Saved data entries
-------

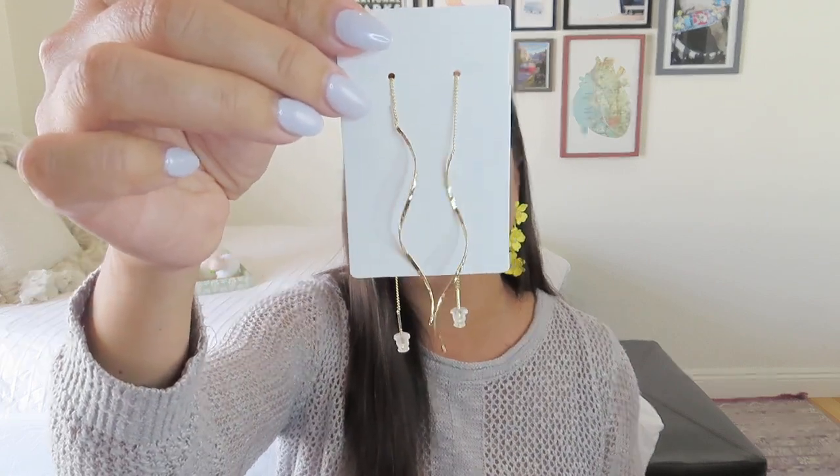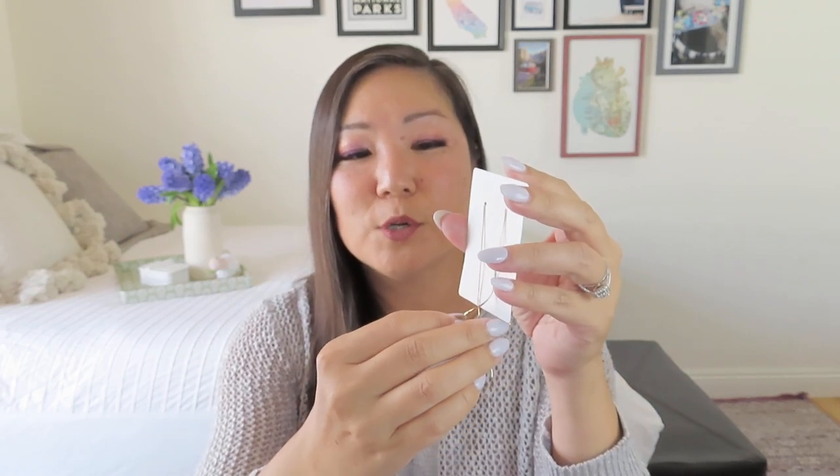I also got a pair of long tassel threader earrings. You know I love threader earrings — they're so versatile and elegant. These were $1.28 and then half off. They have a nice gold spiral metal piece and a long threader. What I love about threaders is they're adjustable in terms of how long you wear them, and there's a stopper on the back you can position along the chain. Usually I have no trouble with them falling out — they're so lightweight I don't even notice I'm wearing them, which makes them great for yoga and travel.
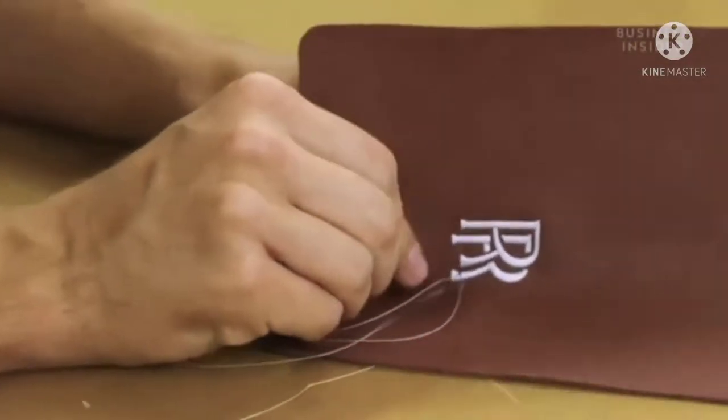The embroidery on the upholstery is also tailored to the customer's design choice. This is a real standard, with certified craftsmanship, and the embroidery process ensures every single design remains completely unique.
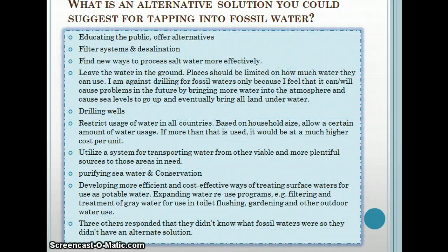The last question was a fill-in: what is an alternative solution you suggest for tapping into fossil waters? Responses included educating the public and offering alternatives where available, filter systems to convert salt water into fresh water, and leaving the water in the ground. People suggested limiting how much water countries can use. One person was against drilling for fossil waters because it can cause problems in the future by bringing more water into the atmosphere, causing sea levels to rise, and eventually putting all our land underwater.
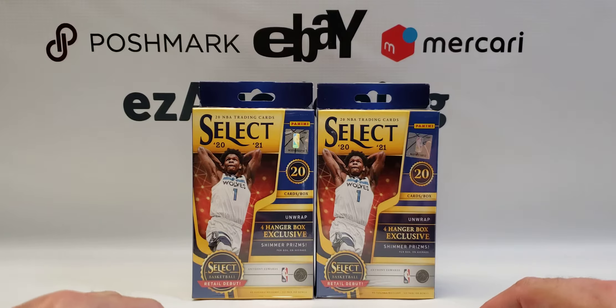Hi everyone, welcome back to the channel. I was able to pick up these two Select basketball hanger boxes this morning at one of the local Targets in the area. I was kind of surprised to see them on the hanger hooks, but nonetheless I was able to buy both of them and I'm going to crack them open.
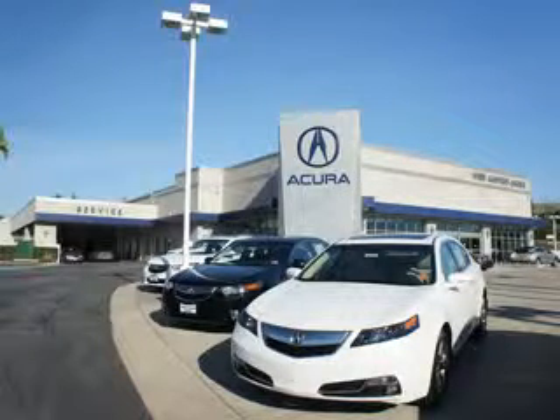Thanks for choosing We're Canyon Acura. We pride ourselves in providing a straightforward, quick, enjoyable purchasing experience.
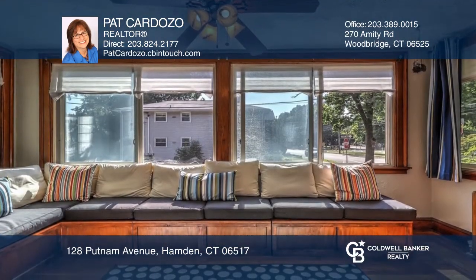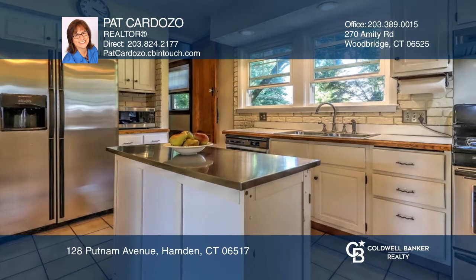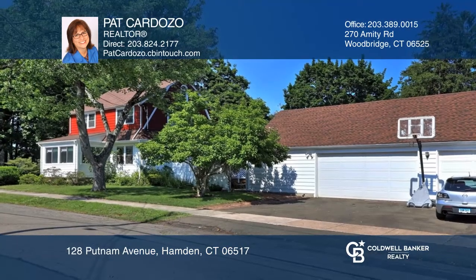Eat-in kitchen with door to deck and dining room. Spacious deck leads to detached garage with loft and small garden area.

-------

* Task description: Reprint the data verbatim, pictures excluded.

* Your solution:
I also got a pair of long tassel threader earrings. You know I love threader earrings — they're so versatile and elegant. These were $1.28 and then half off. They have a nice gold spiral metal piece and a long threader. What I love about threaders is they're adjustable in terms of how long you wear them, and there's a stopper on the back you can position along the chain. Usually I have no trouble with them falling out — they're so lightweight I don't even notice I'm wearing them, which makes them great for yoga and travel.
The embroidery on the upholstery is also tailored to the customer's design choice. This is a real standard, with certified craftsmanship, and the embroidery process ensures every single design remains completely unique.
The last question was a fill-in: what is an alternative solution you suggest for tapping into fossil waters? Responses included educating the public and offering alternatives where available, filter systems to convert salt water into fresh water, and leaving the water in the ground. People suggested limiting how much water countries can use. One person was against drilling for fossil waters because it can cause problems in the future by bringing more water into the atmosphere, causing sea levels to rise, and eventually putting all our land underwater.
Hi everyone, welcome back to the channel. I was able to pick up these two Select basketball hanger boxes this morning at one of the local Targets in the area. I was kind of surprised to see them on the hanger hooks, but nonetheless I was able to buy both of them and I'm going to crack them open.
Thanks for choosing We're Canyon Acura. We pride ourselves in providing a straightforward, quick, enjoyable purchasing experience.
Eat-in kitchen with door to deck and dining room. Spacious deck leads to detached garage with loft and small garden area.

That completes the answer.